To build a robust commercial bid, they required the absolute physical limits for each site, accounting for shifting technical variables: varying turbine rotor diameters, rotor specific powers, and the minimum inter-turbine spacing required for load mitigation.
The sites featured highly irregular geometries due to complex soil constraints and exclusion zones.
Manual layout design and standard commercial off-the-shelf software could not mathematically guarantee the true maximum capacity within the compressed timelines of the bid process.
We deployed a Python-based optimisation framework to resolve the turbine packing problem for each site.
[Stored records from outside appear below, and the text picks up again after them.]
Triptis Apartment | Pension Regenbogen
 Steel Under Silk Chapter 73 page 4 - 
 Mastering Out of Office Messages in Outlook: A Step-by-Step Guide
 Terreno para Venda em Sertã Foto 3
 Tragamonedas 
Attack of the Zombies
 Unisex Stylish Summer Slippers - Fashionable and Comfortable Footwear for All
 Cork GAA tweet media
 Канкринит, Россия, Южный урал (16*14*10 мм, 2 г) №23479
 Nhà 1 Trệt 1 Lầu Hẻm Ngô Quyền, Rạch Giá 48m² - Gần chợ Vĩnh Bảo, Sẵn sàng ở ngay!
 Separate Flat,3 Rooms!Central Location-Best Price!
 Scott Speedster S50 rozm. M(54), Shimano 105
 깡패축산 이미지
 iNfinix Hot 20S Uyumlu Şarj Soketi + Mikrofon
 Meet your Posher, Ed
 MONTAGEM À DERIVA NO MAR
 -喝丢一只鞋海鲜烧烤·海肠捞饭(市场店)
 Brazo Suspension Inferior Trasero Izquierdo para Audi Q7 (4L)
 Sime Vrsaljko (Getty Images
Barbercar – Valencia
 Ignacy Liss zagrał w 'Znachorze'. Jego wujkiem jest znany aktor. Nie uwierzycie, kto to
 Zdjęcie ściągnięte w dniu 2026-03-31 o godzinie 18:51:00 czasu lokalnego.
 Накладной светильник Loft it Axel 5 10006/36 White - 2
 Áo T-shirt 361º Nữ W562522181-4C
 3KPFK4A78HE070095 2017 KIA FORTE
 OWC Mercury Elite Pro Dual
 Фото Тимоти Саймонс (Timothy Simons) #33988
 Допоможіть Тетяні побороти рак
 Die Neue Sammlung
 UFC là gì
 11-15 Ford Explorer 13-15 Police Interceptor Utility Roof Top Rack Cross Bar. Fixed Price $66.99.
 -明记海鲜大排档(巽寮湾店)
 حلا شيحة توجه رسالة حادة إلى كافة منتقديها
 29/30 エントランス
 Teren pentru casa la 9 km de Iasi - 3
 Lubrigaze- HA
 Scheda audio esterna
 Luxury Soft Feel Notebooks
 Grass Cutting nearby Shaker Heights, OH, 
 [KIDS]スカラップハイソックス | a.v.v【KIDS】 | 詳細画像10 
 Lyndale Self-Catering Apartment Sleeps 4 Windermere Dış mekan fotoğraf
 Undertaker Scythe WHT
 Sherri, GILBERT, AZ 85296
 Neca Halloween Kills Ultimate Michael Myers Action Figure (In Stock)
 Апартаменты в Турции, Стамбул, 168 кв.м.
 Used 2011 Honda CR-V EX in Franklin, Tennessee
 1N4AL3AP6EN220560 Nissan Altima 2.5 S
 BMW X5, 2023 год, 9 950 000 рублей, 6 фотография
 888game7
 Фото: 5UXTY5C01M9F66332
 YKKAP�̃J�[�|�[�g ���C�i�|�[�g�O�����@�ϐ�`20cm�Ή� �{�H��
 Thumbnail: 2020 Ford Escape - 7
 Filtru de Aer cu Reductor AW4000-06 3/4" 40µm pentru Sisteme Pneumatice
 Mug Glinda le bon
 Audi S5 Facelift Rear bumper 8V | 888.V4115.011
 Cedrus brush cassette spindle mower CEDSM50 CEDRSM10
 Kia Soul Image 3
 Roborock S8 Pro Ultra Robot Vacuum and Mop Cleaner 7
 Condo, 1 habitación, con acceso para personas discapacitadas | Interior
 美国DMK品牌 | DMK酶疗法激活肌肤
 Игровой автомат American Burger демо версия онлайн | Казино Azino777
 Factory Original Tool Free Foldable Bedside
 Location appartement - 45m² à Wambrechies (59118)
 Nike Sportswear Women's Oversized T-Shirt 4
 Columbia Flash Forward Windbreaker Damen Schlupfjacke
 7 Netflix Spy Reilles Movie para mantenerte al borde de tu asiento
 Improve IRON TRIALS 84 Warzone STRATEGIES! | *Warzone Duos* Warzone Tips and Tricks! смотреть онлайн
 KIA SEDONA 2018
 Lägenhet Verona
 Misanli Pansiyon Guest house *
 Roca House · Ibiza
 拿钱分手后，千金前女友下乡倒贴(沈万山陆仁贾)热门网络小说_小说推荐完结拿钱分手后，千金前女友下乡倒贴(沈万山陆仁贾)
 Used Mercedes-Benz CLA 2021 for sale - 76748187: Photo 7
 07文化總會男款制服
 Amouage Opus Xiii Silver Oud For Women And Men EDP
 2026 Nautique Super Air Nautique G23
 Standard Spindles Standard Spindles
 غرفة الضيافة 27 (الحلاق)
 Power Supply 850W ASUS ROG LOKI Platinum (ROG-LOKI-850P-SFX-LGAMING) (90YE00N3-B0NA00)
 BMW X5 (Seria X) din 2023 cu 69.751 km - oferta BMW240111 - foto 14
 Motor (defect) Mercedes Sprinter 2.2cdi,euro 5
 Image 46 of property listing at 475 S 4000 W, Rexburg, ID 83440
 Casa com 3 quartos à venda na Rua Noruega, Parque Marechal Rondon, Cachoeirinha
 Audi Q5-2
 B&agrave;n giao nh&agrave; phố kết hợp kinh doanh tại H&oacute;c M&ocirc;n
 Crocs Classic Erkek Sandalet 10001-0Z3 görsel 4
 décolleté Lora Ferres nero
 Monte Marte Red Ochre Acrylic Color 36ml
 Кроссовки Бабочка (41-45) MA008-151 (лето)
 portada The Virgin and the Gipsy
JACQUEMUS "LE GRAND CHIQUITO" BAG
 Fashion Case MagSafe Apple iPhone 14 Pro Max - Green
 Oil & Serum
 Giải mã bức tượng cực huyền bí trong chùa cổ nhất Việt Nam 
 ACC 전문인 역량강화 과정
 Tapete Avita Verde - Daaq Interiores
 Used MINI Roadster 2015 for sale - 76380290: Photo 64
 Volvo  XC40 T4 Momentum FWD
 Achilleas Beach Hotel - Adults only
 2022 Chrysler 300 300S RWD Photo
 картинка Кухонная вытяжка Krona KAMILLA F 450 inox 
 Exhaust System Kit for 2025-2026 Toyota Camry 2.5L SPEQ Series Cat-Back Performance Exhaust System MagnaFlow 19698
The algorithm was specifically designed to find the absolute maximum number of locations while strictly adhering to buildable area limits and spacing requirements.
Exhaustive Iteration: We systematically iterated over every possible turbine configuration, providing the financial team with the absolute capacity ceiling for each scenario rather than an estimated average.
Geometric Packing Resolution: Our framework handled irregular boundaries and soil-related exclusion zones with a level of precision that manual workflows cannot replicate.
Strategic Ceiling Definition: By identifying the mathematical maximum for each site, we provided the definitive data required for the financial team to evaluate the ultimate commercial viability and bidding strategy for each lease.
The automated search identified the absolute physical and commercial limits of all 10+ sites in a few days, a task that typically requires weeks of manual iteration.
Anemona replaces the limitations of manual layout design with high-fidelity algorithmic search. By delivering the precise maximum capacity limits across a vast design space, we enabled the development team to submit bids based on mathematical certainty. We provided the technical infrastructure required to move from site selection to a competitive bid with absolute confidence in the asset's maximum potential.